MATERIAL SHOWN Block Start

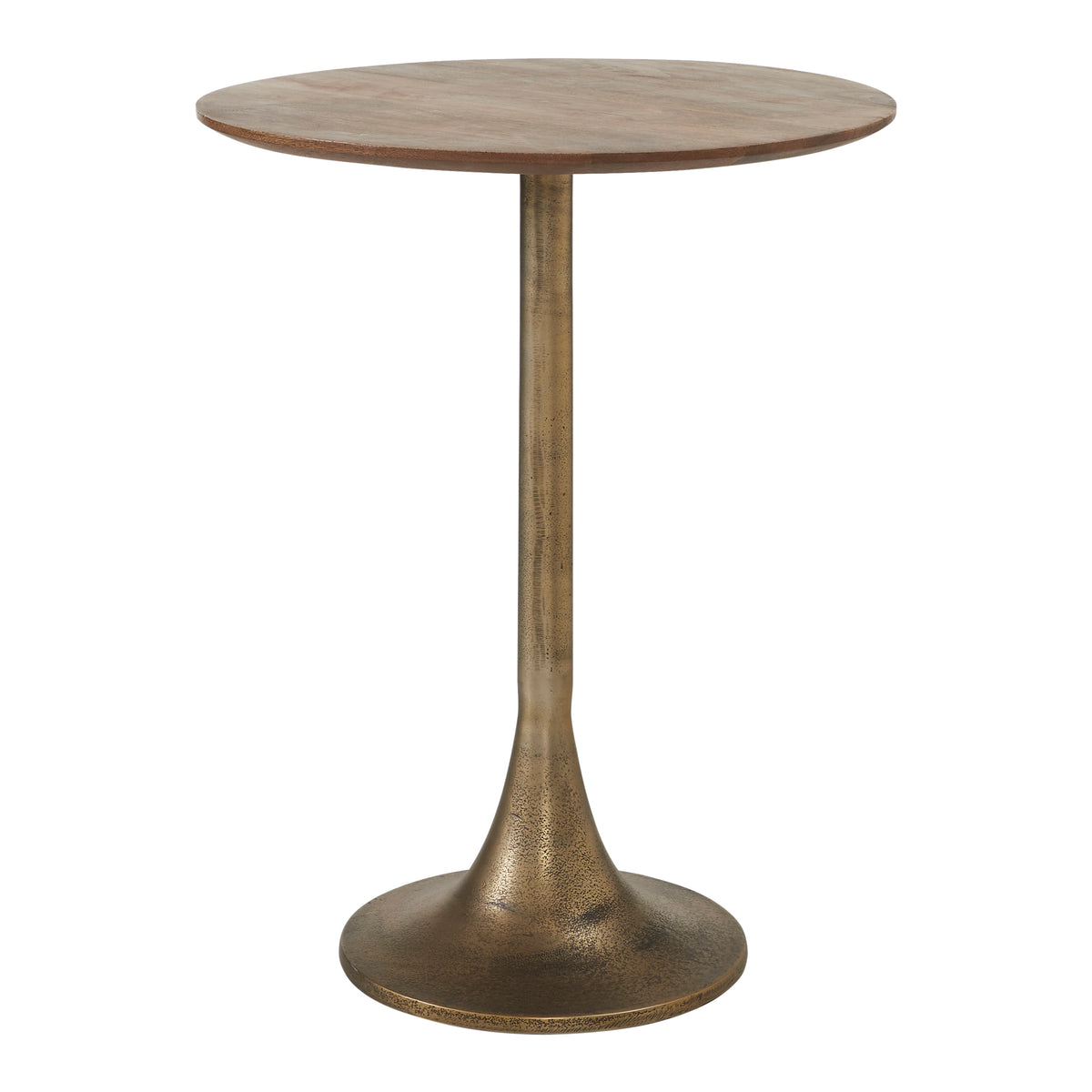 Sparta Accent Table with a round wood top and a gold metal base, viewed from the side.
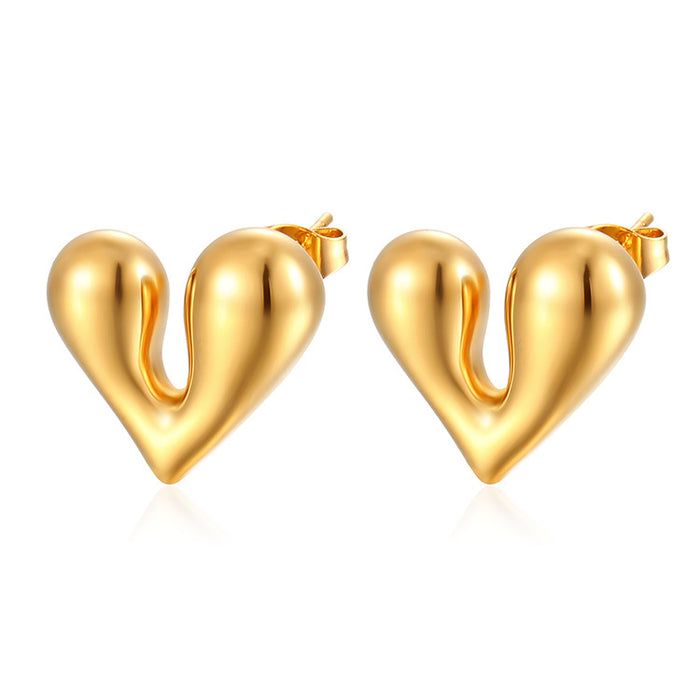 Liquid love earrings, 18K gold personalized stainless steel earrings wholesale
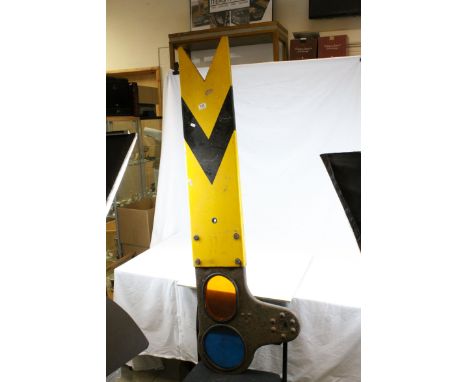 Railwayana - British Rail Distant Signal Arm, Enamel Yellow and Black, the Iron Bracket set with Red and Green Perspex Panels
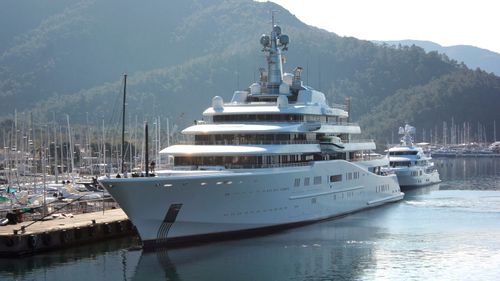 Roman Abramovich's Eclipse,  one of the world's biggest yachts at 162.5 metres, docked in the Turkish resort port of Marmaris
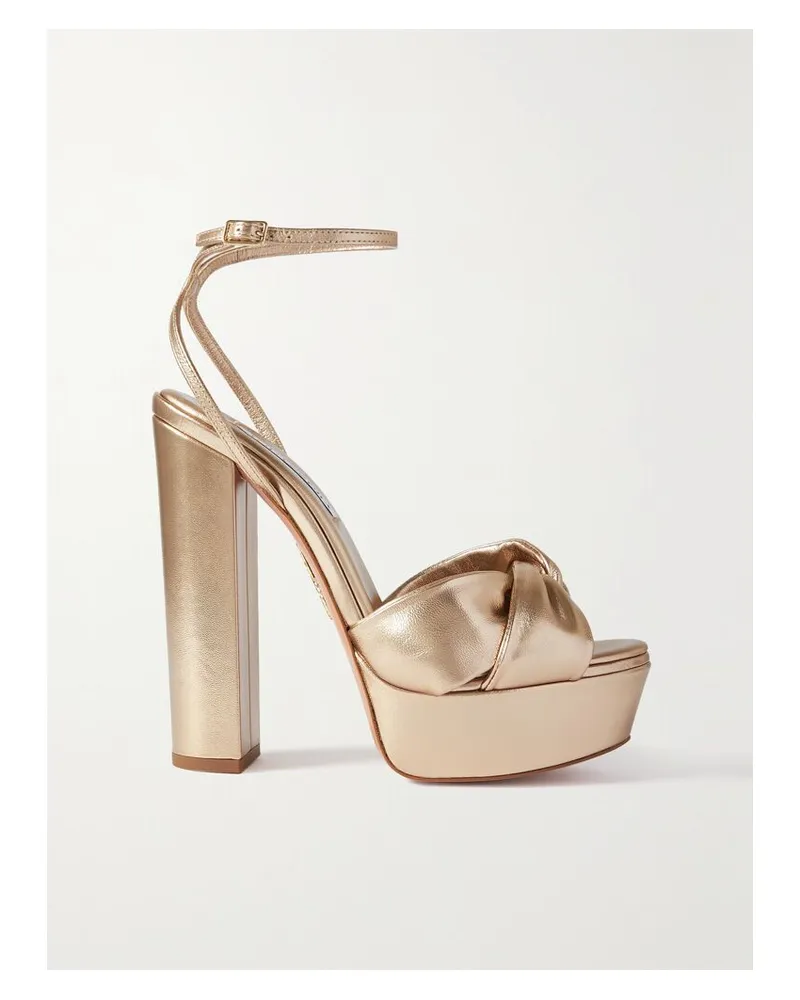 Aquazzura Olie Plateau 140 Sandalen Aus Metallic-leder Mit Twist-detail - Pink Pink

MATERIAL SHOWN Block End
MATERIAL SHOWN Block Start

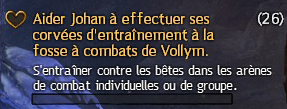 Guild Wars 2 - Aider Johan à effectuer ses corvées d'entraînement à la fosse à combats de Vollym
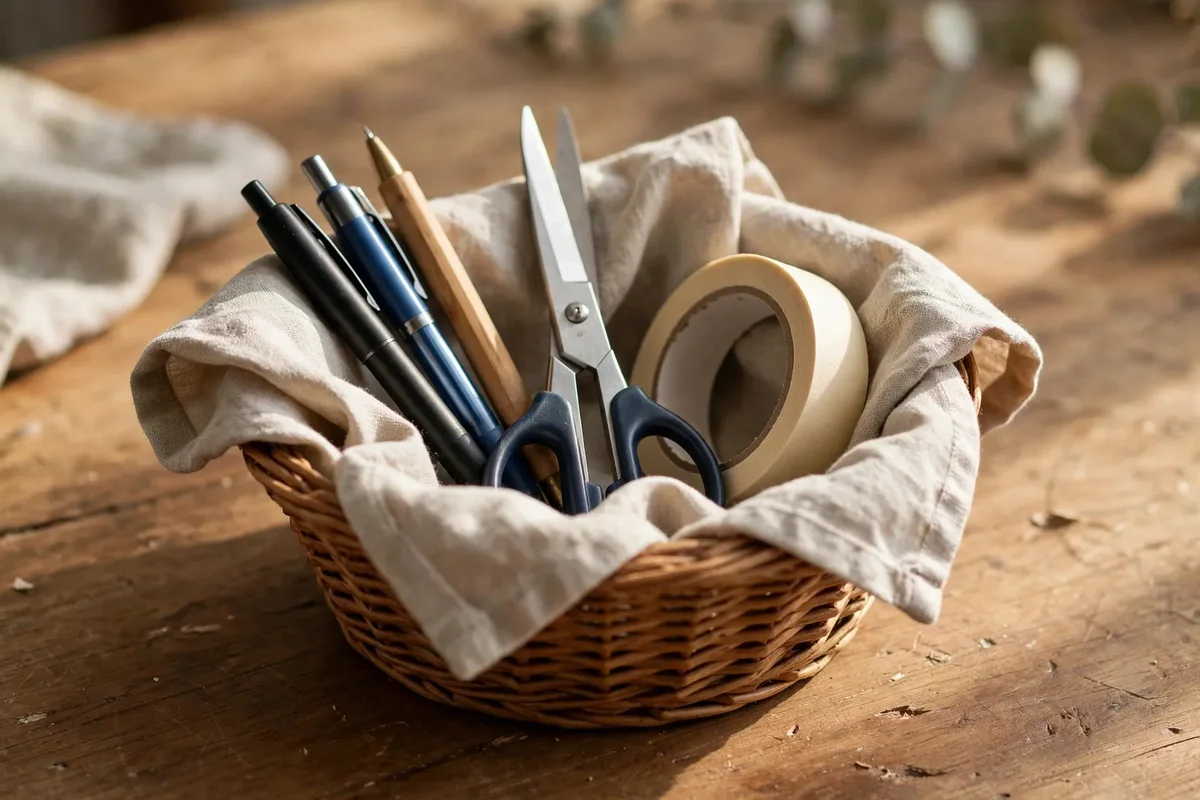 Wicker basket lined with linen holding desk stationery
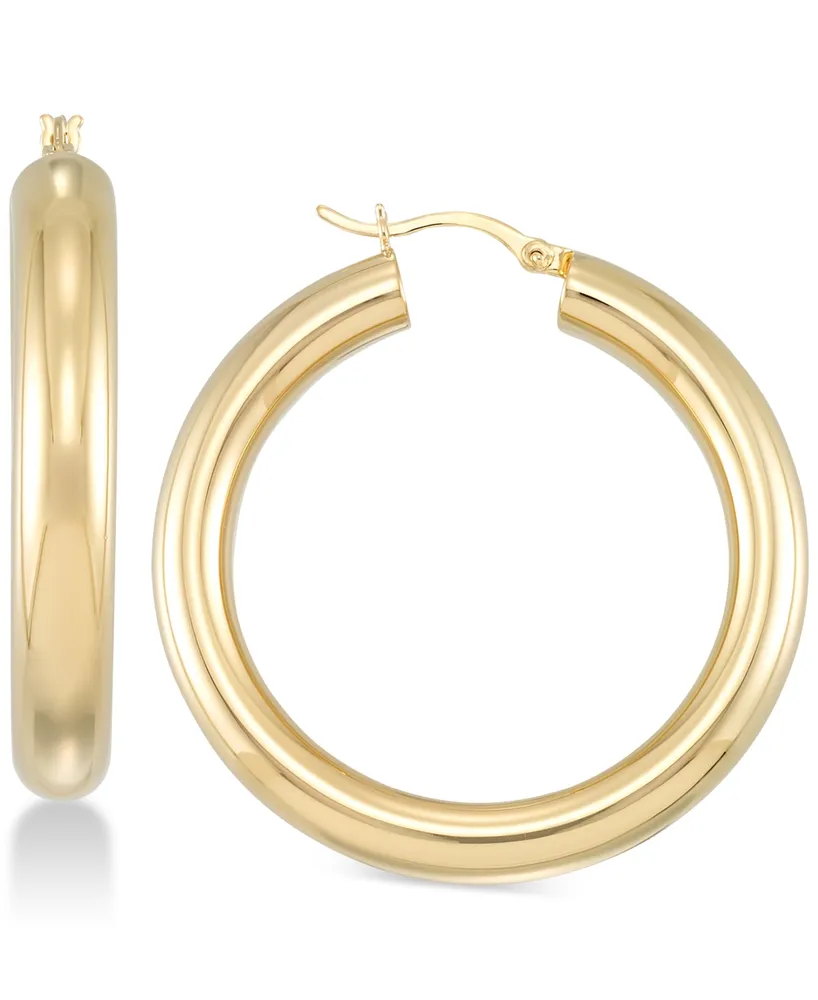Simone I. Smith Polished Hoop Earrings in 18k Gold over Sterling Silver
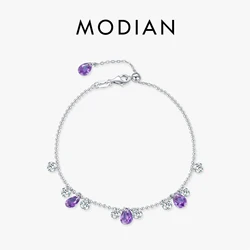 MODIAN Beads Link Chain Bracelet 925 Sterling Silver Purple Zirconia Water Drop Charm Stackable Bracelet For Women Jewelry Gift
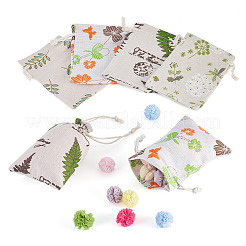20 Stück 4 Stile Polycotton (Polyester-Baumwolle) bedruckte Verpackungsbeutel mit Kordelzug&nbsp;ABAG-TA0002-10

MATERIAL SHOWN Block End

### TASK DETAILS
Return, exactly as they stand, the lines above from the one with "Sparta Accent Table" to the one with "Aquazzura Olie Plateau", omitting any pictures among them.

### SOLUTION FOR THIS EXERCISE
 Sparta Accent Table with a round wood top and a gold metal base, viewed from the side.
 Liquid love earrings, 18K gold personalized stainless steel earrings wholesale
 Railwayana - British Rail Distant Signal Arm, Enamel Yellow and Black, the Iron Bracket set with Red and Green Perspex Panels
 Roman Abramovich's Eclipse,  one of the world's biggest yachts at 162.5 metres, docked in the Turkish resort port of Marmaris
 Aquazzura Olie Plateau 140 Sandalen Aus Metallic-leder Mit Twist-detail - Pink Pink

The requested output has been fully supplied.